[pgpool-general: 6084] Re: failover_require_consensus does not work.
Tatsuo Ishii
ishii at sraoss.co.jp
Mon May 14 06:14:37 JST 2018
Hi Usama,
Thanks. The patch looks good to me.
Best regards,
--
Tatsuo Ishii
SRA OSS, Inc. Japan
English: http://www.sraoss.co.jp/index_en.php
Japanese:http://www.sraoss.co.jp
> Hi Ishii-San
>
> I have tried to rephrase your suggestion for clarity. Please have a look at
> the attached patch if you see it fit
>
>
> Thanks
> Best Regards
> Muhammad Usama
>
>
> On Fri, May 11, 2018 at 1:30 PM, Tatsuo Ishii <ishii at sraoss.co.jp> wrote:
>
>> Ok, here is a proposal for addition to the doc.
>>
>> Best regards,
>> --
>> Tatsuo Ishii
>> SRA OSS, Inc. Japan
>> English: http://www.sraoss.co.jp/index_en.php
>> Japanese:http://www.sraoss.co.jp
>>
>> > Usama,
>> >
>> > Do we want to add some notes to the doc regarding this? The behavior
>> > described below may not be obvious to users.
>> >
>> > Best regards,
>> > --
>> > Tatsuo Ishii
>> > SRA OSS, Inc. Japan
>> > English: http://www.sraoss.co.jp/index_en.php
>> > Japanese:http://www.sraoss.co.jp
>> >
>> >> Hi
>> >>
>> >> Thanks for the logs and config files.

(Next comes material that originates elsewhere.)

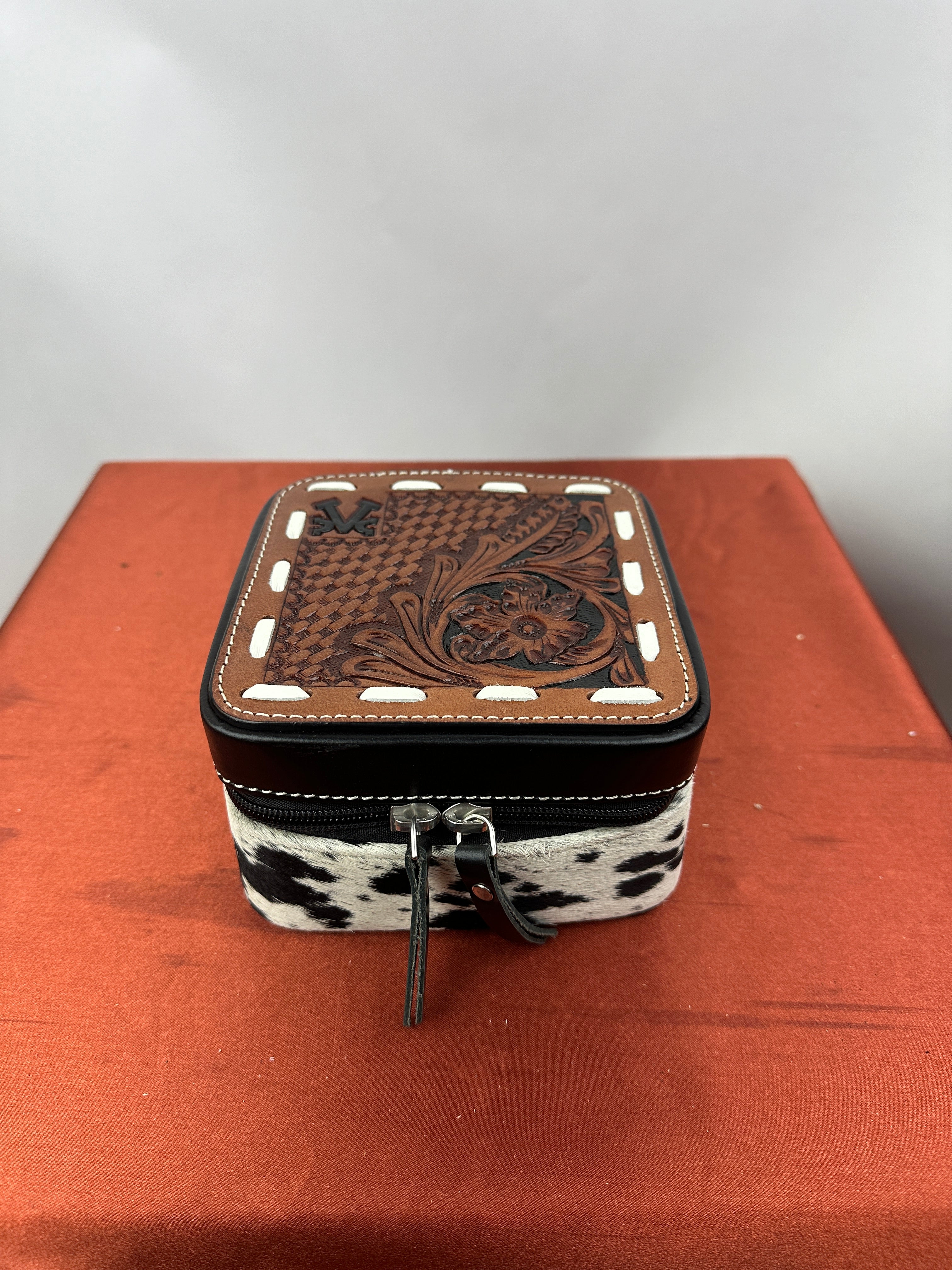 Small Travel Jewelry Case Brown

>> >> As per the logs and pgpool.conf files, This is what is happening.
>> >>
>> >> You have health check disabled on all Pgpool-II nodes, So only way to
>> >> detect the backend failure is through fail_over_on_backend error( which
>> >> only works when client connection
>> >> detects the error) . But since the clients are only connecting to the
>> >> master Pgpool-II node, so only master Pgpool-II node can notice the
>> backend
>> >> PostgreSQL node failure
>> >> and because of consensus requirement it will keep waiting for the
>> detection
>> >> of backend failure by other Pgpool-II nodes, Which never arrives because
>> >> other two Pgpool-II nodes
>> >> are sitting idle and didn't detected the error.

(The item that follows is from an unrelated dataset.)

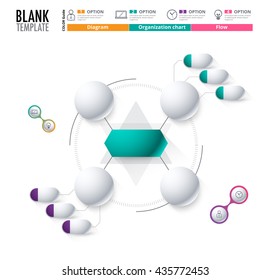 Diagram Template, Organization chart template. flow template, blank diagram for replace text, white color, blank diagram. Circle diagram, vector stock design.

>> >> So you either need to enable the health check on all pgpool-II nodes (
>> >> Which is the recommended setting for HA) or just disable the consensus
>> >> requirements (as you did when failover
>> >> was working fine)
>> >>
>> >> Thanks
>> >> Best Rgeards
>> >> Muhammad Usama
>> >>
>> >> On Tue, May 8, 2018 at 7:54 PM, Vlad G <omenvlad at gmail.com> wrote:
>> >>
>> >>> Hey Guys.
>> >>> Thank you for your answer.
>> >>> I attached the configuration files of pgpool and logs.
>> >>> I hope you сan help.
>> >>>
>> >>
>> >>>
>> >>>
>> >>>
>> >>>
>> >>>
>> >>>
>> >>> Best regards,
>> >>> Vladyslav
>> >>>
>> >>>
>> >>> On May 7, 2018, at 16:05, Muhammad Usama <m.usama at gmail.com> wrote:
>> >>>
>> >>> Hi
>> >>>
>> >>> From the log snippet you shared it seems that the the failure was never
>> >>> detected by the other Pgpool-II node, Can you please share the
>> pgpoo.conf
>> >>> files and log files for all Pgpool nodes.
>> >>>
>> >>> Thanks
>> >>> Best Regards
>> >>> Muhammad Usama
>> >>>
>> >>> On Thu, May 3, 2018 at 5:20 PM, Vlad G <omenvlad at gmail.com> wrote:
>> >>>
>> >>>> Hey Guys,
>> >>>> I have a cluster with Pgpool-II-pg96-3.7.3 and postgresql-9.6.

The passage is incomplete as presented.